The new certification was created in an effort to protect the youth participating in on-campus programs and to remain in compliance with state law. In 2012, the Texas legislature mandated that institutions of higher education conduct training, testing and background checks for employees of certain programs for minors held on their campuses, said Ronald Brown, assistant vice president of Academic Services.
Texas State met these requirements for the past two years by contracting with a third party background screening company. However, university officials decided to develop their own program when the company stopped providing the service, Brown said.
“We have to be approved by the state,” said Joanne Smith, vice president of Student Affairs. “We’ve been working with the university system to develop a plan similar to theirs and we’re getting ready to submit the application for approval.”
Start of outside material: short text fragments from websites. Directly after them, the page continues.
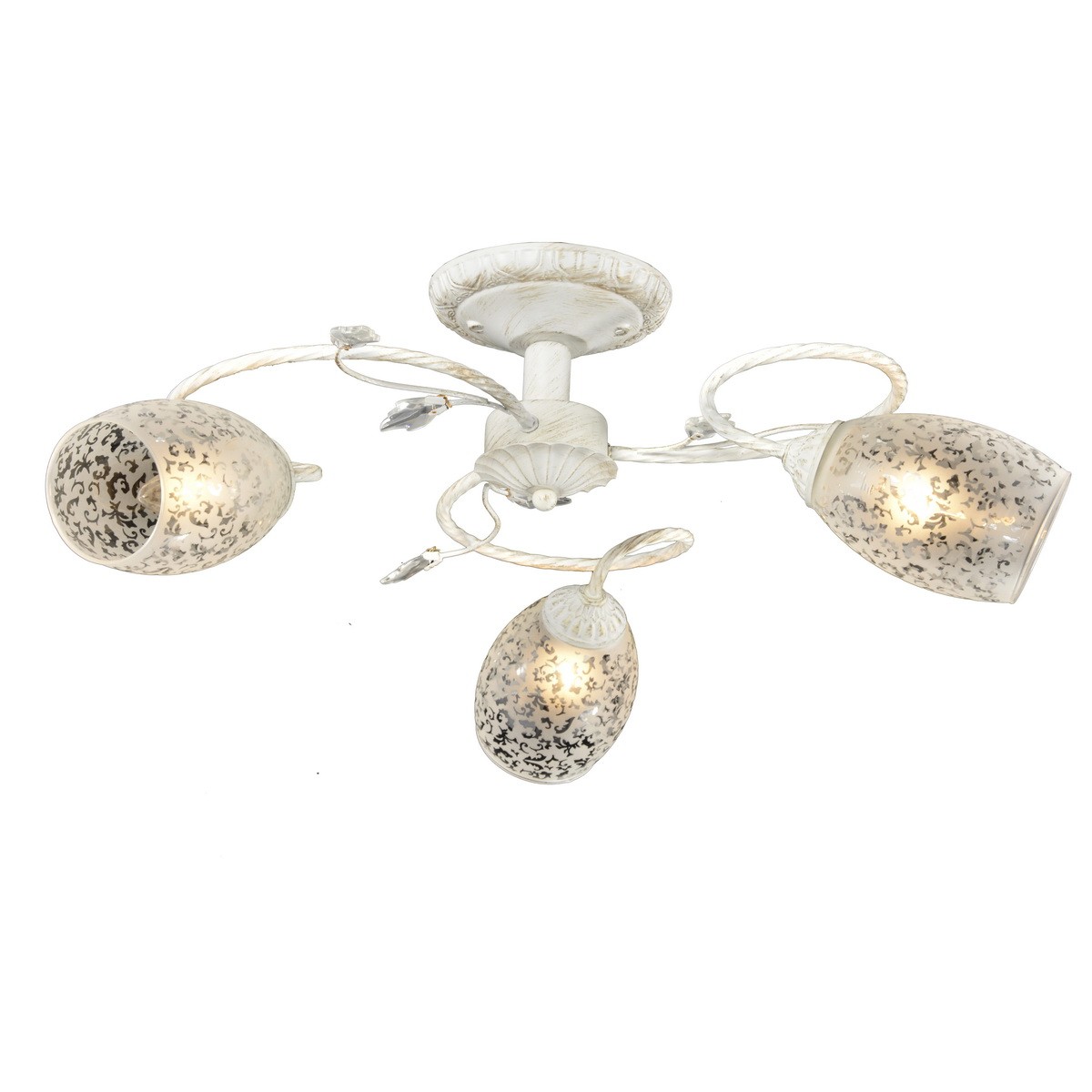 Потолочная люстра ID lamp Julia 874/3PF-Whitepatina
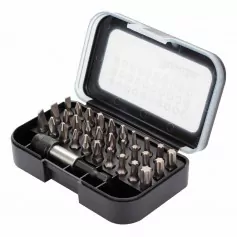 Jogo de bits com fixador magnético com 31 peças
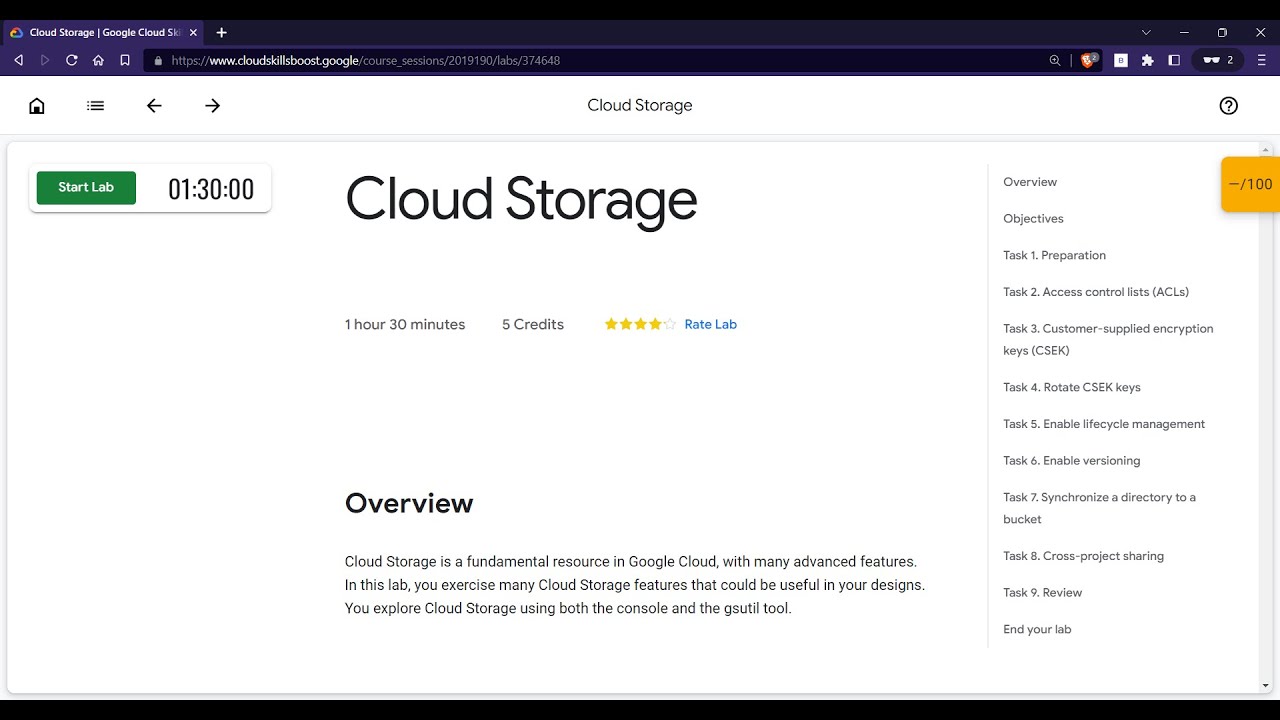 Cloud Storage | GCCP #lab_solution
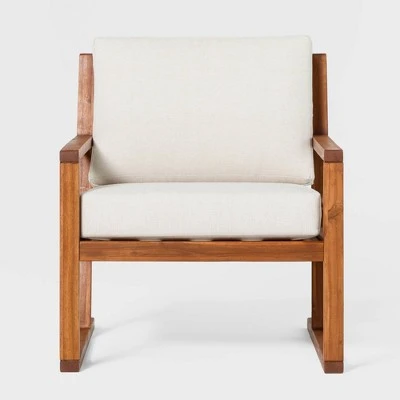 Saracina Home Modern Slat-Back Acacia Outdoor Arm Chair with Cushions Saracina Home Modern Slat-Back Acacia Outdoor Arm Chair With Cushions -Saracina Home Shop GUEST 8c100c19 cce6 4263 bf19 7df869ee1e9b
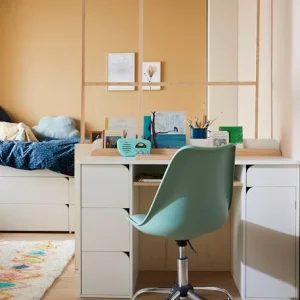 Bureau Enfant LIGNE ECLIPSE Blanc/bois – Vertbaudet Large choix en ligne 16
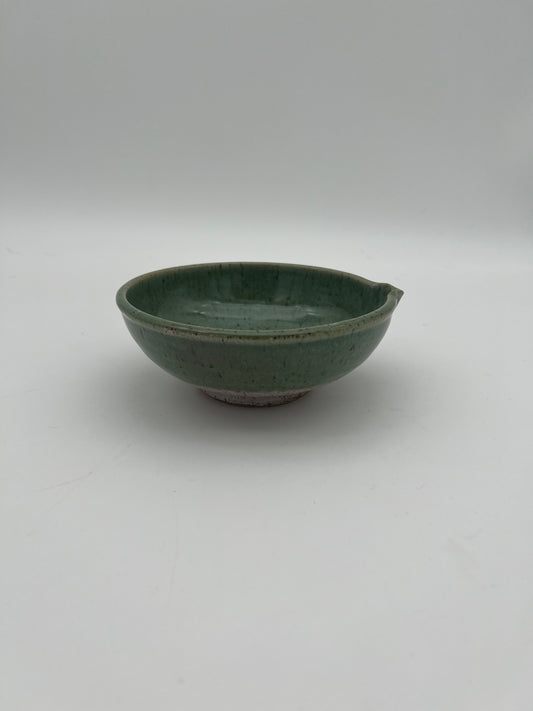 Verdant Green Lipped Bowl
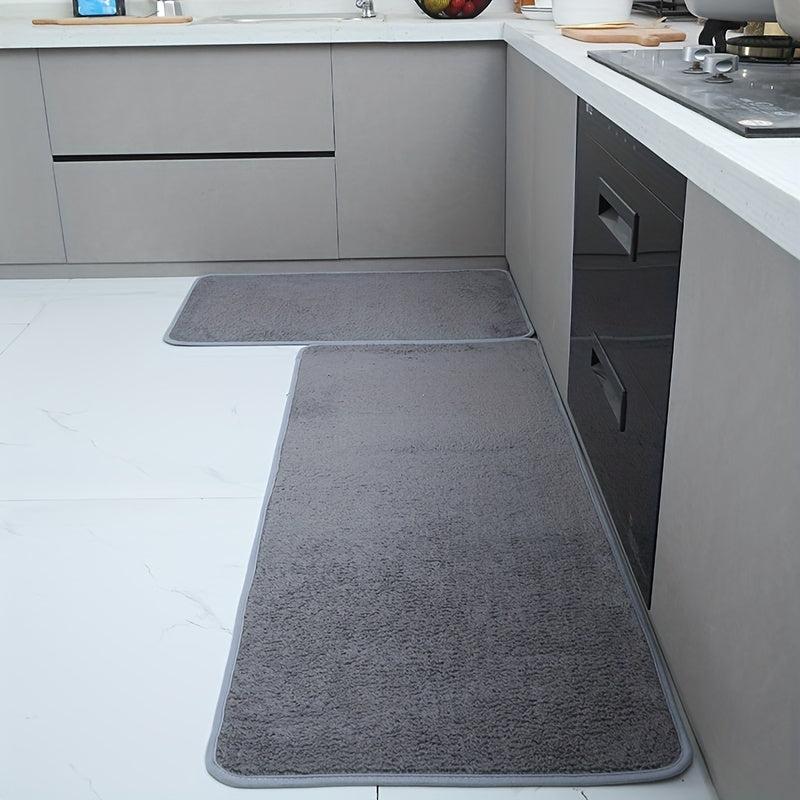 Anti Fatigue Kitchen Rug Absorbent Non Slip Stain Resistant Waterproof Floor Mat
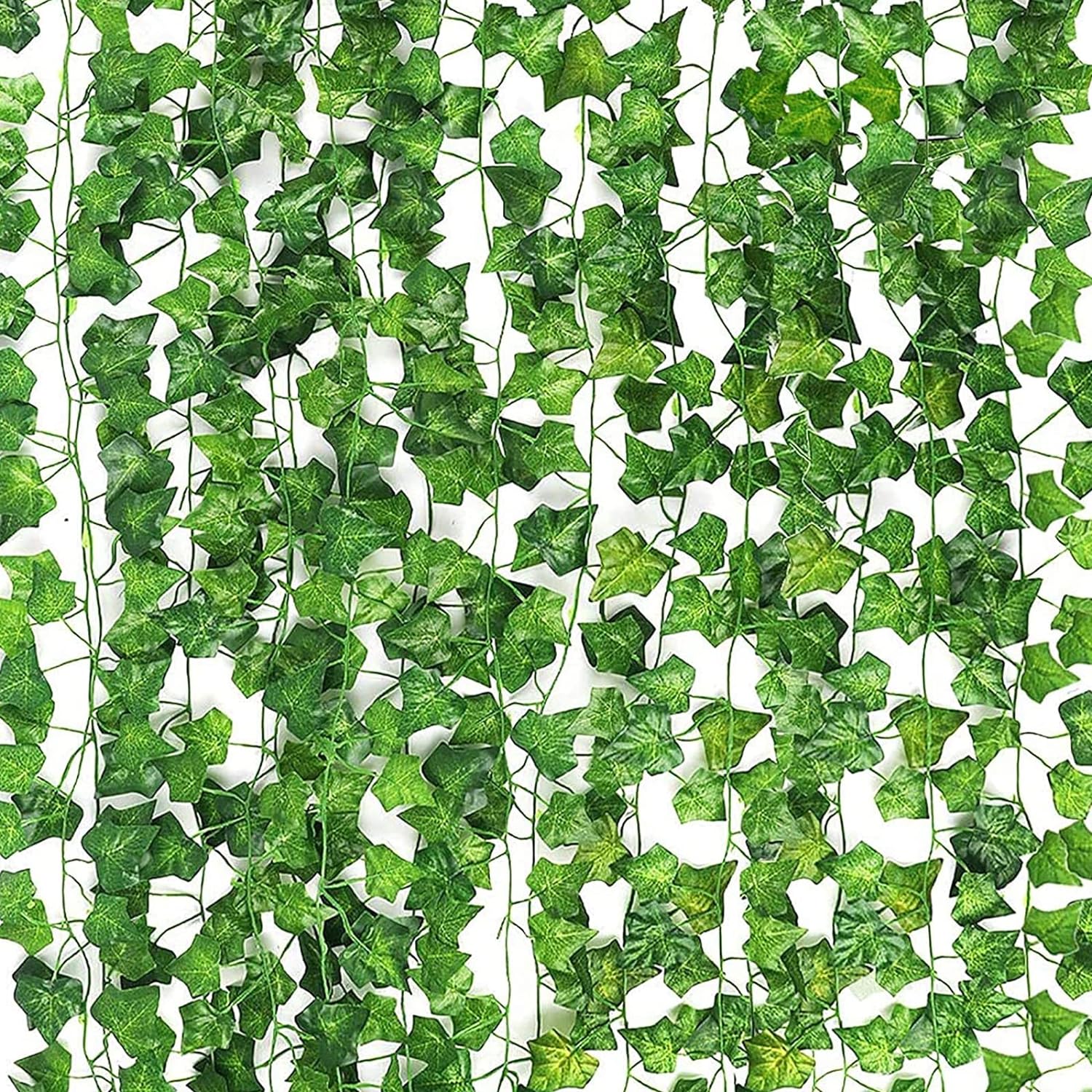Décoration végétale moderne en métal avec des plantes artificielles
The program is modeled after the youth safety policies, which were adopted by Texas A&M University and Southwestern University, and focuses mainly on child sexual assault and misconduct prevention, Smith said.
The background checks will be conducted through the Texas Department of Public Safety, said John McBride, director of Human Resources.
Running the checks through the DPS is much faster and more cost effective than the national vendor the university used, which could take several weeks to return and cost $39 per background check, McBride said.
“(The national vendor) is much more thorough, goes back many years, covers in some cases nationally and at a minimum regionally,” McBride said. “The DPS check is almost instant and it only costs a dollar, which is why the decision was made to use the DPS for the camp employees.”
The third-party company used by the school for the past two years included criminal records both in Texas and outside the state and charged $5 for each of their background checks, Smith said.
“Potentially, things like drug use or theft might not be picked up if it happened in another state,” Brown said. “But all sex offenders who live here are registered through the state of Texas, so that will definitely show up.”
Any kind of sex offense would result in a denial of the applicant, Smith said. The director of hiring for each particular program would evaluate any adverse report on an individual basis.
Independent associations whose camps are hosted by Texas State have the option of using the background check program of their choice to approve their workers, Smith said.
To complete their certification, applicants would be required to undergo training on the definition and effects of sexual assault, patterns of behavior that put children at risk, and rules and procedures for reporting abuse and neglect, Smith said.
Applicants have to pass a test covering the training materials. They would be asked to identify potentially dangerous situations to minors, among other things, Brown said.
“The certification is mandatory for anyone who would be staying on campus overnight, or working with minors in small groups,” Brown said. “And that includes all on-site counselors and residence life employees.”
Returning workers must undergo a background check on an annual basis, although the certificate of completion they receive for passing the training is valid for two years before it requires renewal, Brown said.
The university expects the program to receive approval from the Department of State Health Services in time to begin hiring workers for the camps that begin in May, Brown said.